# Wrangler Unlimited Pictures Needed Please



## Chopper0912

We currently have a 2014 Wrangler Unlimited Rubicon on order. We are going to add a plow to it but I am trying to get pictures of the mounts to see how far down they are going to hang. We are looking at the Blizzard 720LT and the Meyer DP68. I have search around and unable to find the pictures that I am looking for. Also if someone has one with a Snoway, could you please post also. 

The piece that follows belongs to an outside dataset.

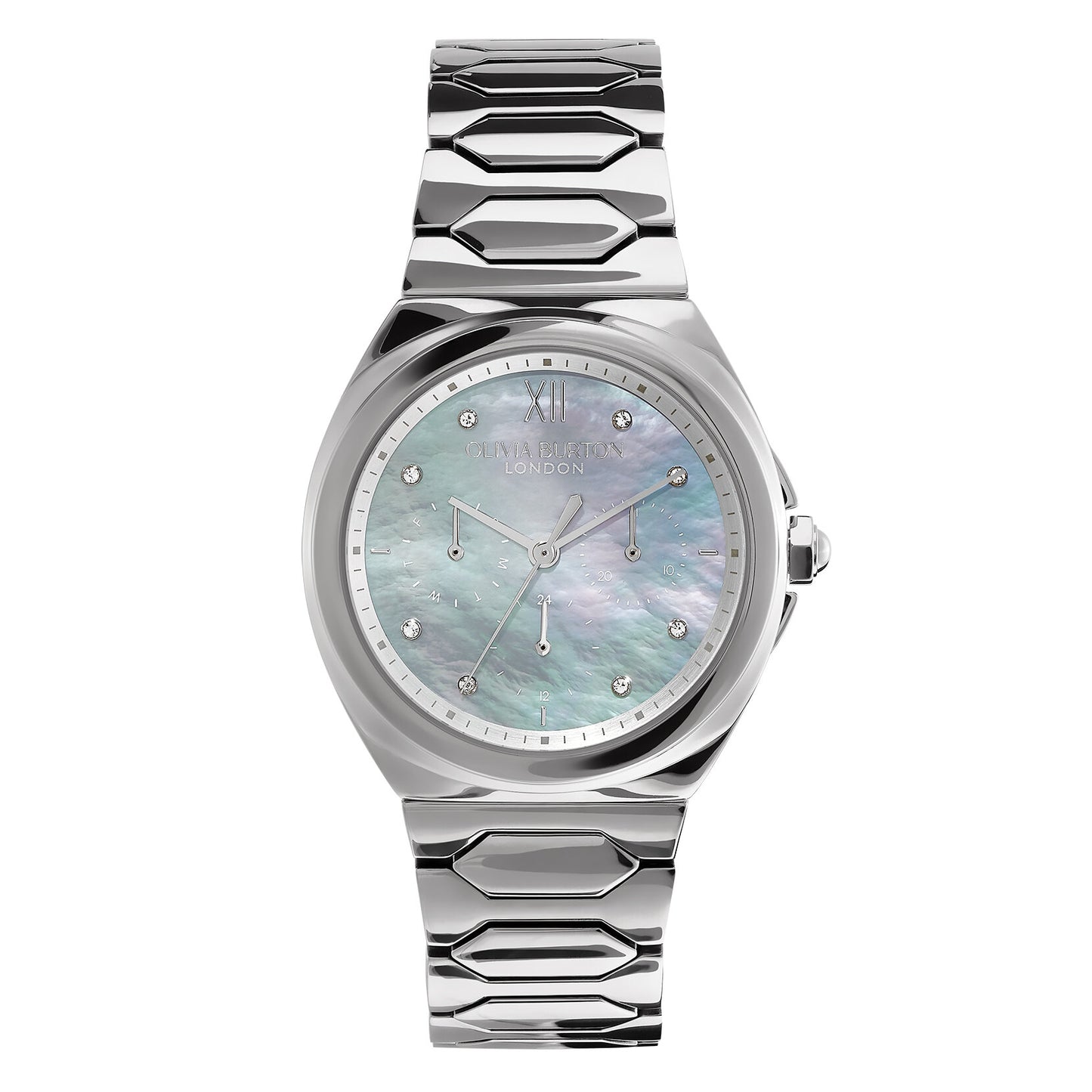 Olivia Burton Sports Luxe 36mm Lustre Multi-Function Light Grey & Silver Bracelet Watch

Before you post the, don't do it posts, this is only going to be for a few driveways and nothing commercial. I already know what the Jeeps can do and the dealership will give me in writing nothing will happen with my warranty on the new Wrangler. 

Alex


----------



## Hubjeep

No pics here, but those wrangler are wide. 6' 8" may be a bit narrow, Meyer has a 7' 6" DP series plow.


----------



## Mems

I ran a 7' blade on a standard Rubicon, 2003. It did great but is also just barely covered the tires when the blade was turned all the way. I'd also suggest going with the 720.

I found this pic and this gentleman is a member on this forum as well.


----------



## Hubjeep

Mems;1651131 said:


> I ran a 7' blade on a standard Rubicon, 2003. It did great but is also just barely covered the tires when the blade was turned all the way. I'd also suggest going with the 720.


2003's are still TJ's, JK's are something like 8" wider!

Go 7' 6"


----------



## Mems

Hubjeep;1651506 said:


> 2003's are still TJ's, JK's are something like 8" wider!
> 
> Go 7' 6"


Aware and agreed. 7.5' is probably the best choice.


----------



## fordmstng66

My 2012 with aSnowdogg MD75. I would not get any smaller, as at full angle it will not cover the tracks. I have 2.5" lift. The middle section of the frame is raised in the 2nd and 3rd picture to play in the mud, but before my 2.25" lift that was the height. First pic is stock height. Unhappy how snowdogg hangs so low on these vehicles, think they could have designed a little better.


----------



## Chopper0912

That's what I was worried about the mount hanging that low. I have found a website that has pictures of the Meyers DP68 and the mount tucks up there pretty well but I want a bigger plow that will clear the tires when angled. I am still looking for a picture of the Blizzard 720LT I hope someone that has one post a better picture. Thank you for everyone that has posted and I hope some more post on it.

Thanks again,

Alex


----------



## theplowmeister

The Fisher mount is probably the least intrusive mount.


----------



## Than Oliver

I have the old snowbear, I take the mounts off each spring and put back on in the fall


----------



## Freedom Dave

Mems;1651803 said:


> Aware and agreed. 7.5' is probably the best choice.


I have a western mid weight plow off a few and wanted to get a jeep and was trying to see if this is good for a jeep unlimited wrangler 2012?


----------